Soon after a beta of Obliterate was released, and many members here provided extremely helpful feedback, it is my pleasure to announce the Obliterate 1.0, a Scorched Earth/Tanks-genre game for TI graphing calculators. It features single-player gameplay, multiplayer mode over CALCnet 2.2, and the ability to add AIs to multiplayer games. To borrow from the description:
Obliterate is a scorched-earth/tanks game for Doors CS 7 and TI calculators. Choose from single-player or multi-player mode. Obliterate brings superb graphics, fast and furious gameplay, and cunning AIs to this classic genre and much-loved platform. Challenge any number of AIs to a single-player game, or connect from one to dozens of friends' calculators over CALCnet and go head-to-head in a multiplayer match! Set the angle and power of your shot, watch out for the wind, and take aim at your enemies! The last tank standing wins the match. With the power of the recently-released global CALCnet, you can even play in friends from across town, across the country, or around the world in a game of Obliterate on your calculator.

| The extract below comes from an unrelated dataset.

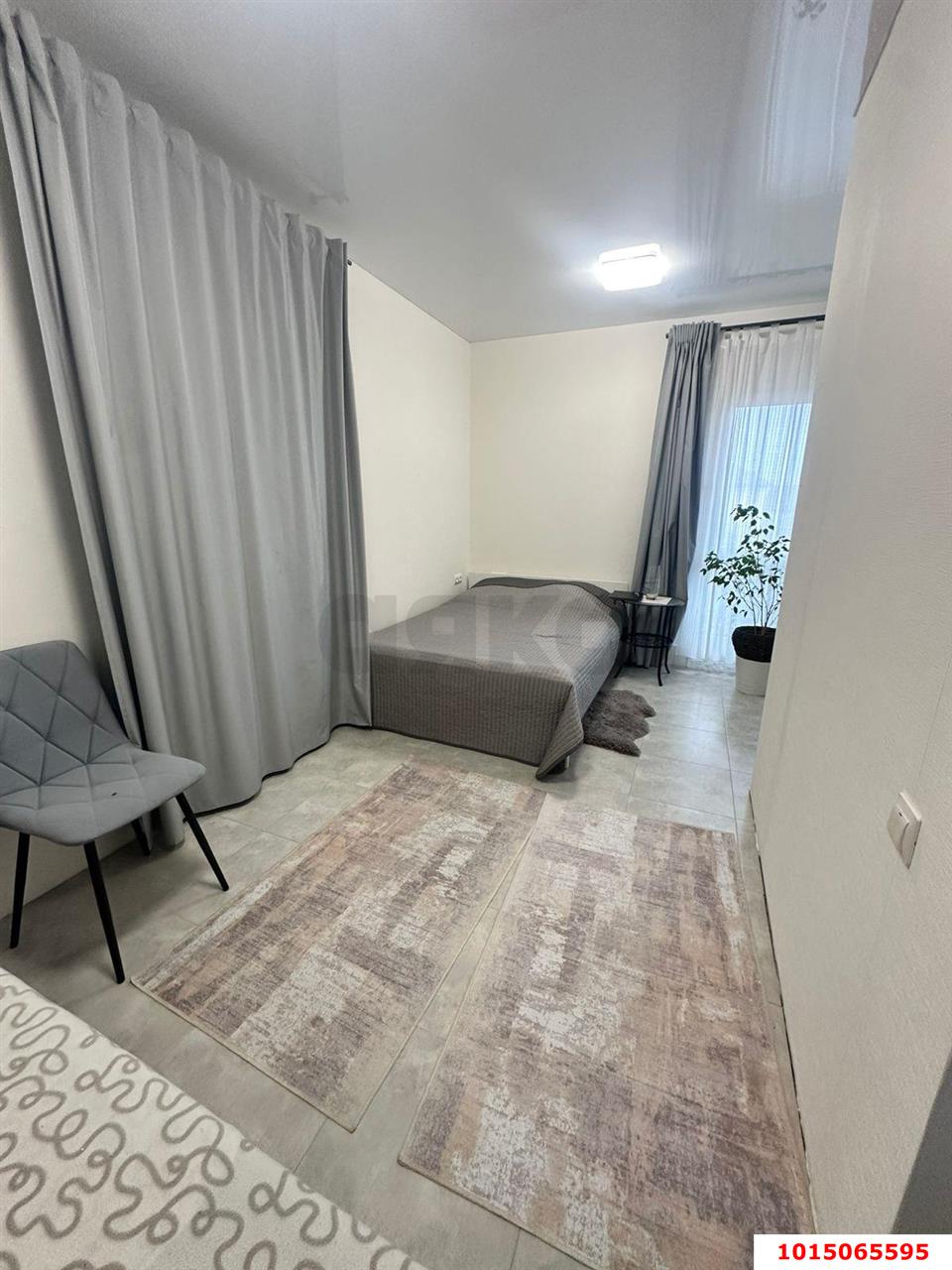 Фото №7: Дом 87 м² + 5 сот. - СНТ Радуга, мкр. Прикубанский внутригородской округ, ул. Малиновая, 335/1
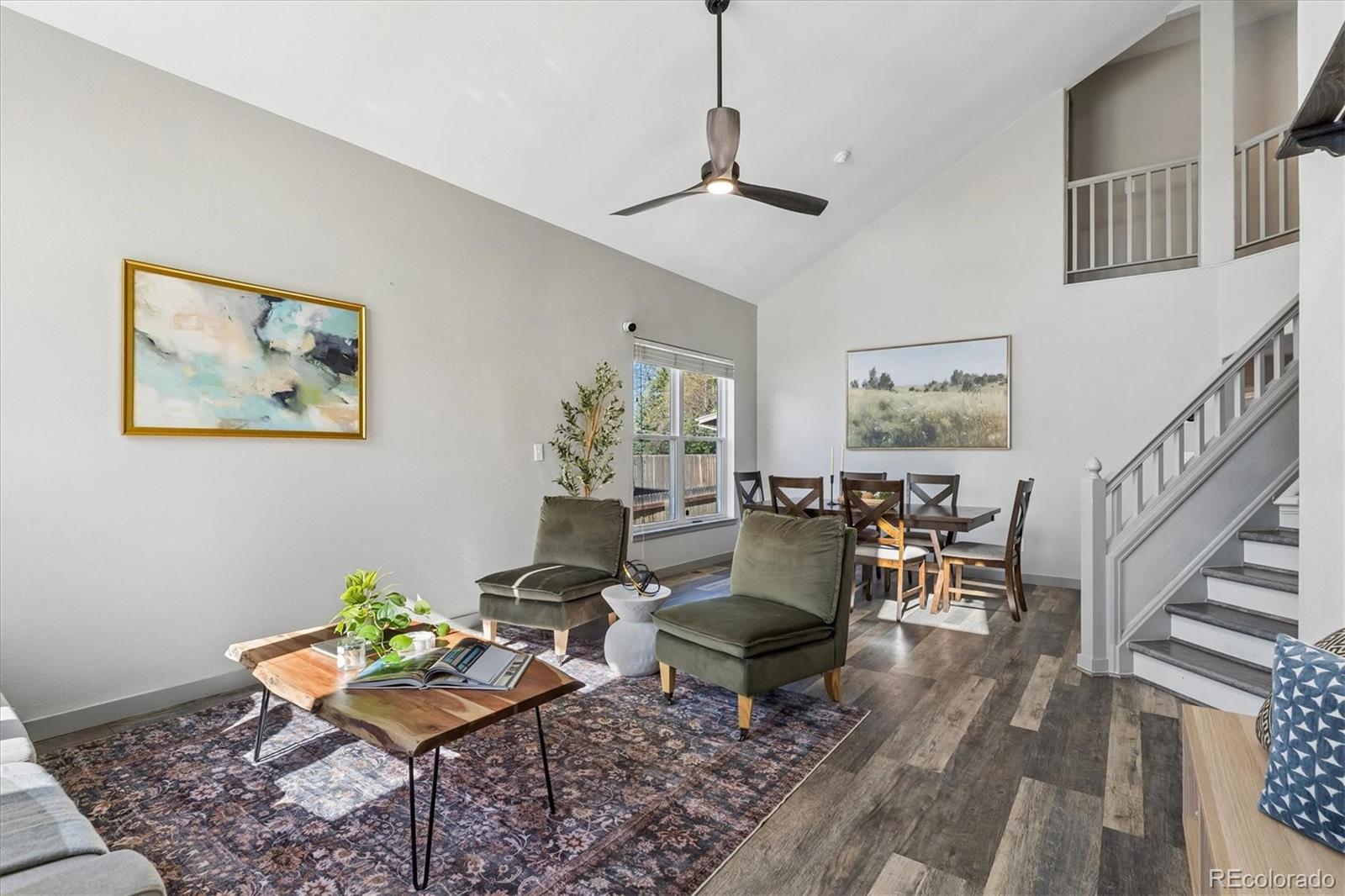 MLS Image #3 for 5247 e hamilton avenue,castle rock, Colorado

I hope you enjoy the game, and please feel free to play it on global CALCnet! With the release of Obliterate, most of the free time I manage to find between my packed work schedule will go towards the development of direct USB gCn, so hopefully that will be coming soon.
Download
Obliterate v1.0
Great job on the release Kerm! Obliterate is now one of my most played calculator games.
souvik1997 wrote:
Great job on the release Kerm! Obliterate is now one of my most played calculator games.
That's awesome! I hope the rest of the calculator community finds it as fun. And I'm hoping to see tons of activity on the gCn metahub once DirectUSB is implemented.
Very nice. I take it you hunted down the premature game-over bug?
elfprince13 wrote:
Very nice. I take it you hunted down the premature game-over bug?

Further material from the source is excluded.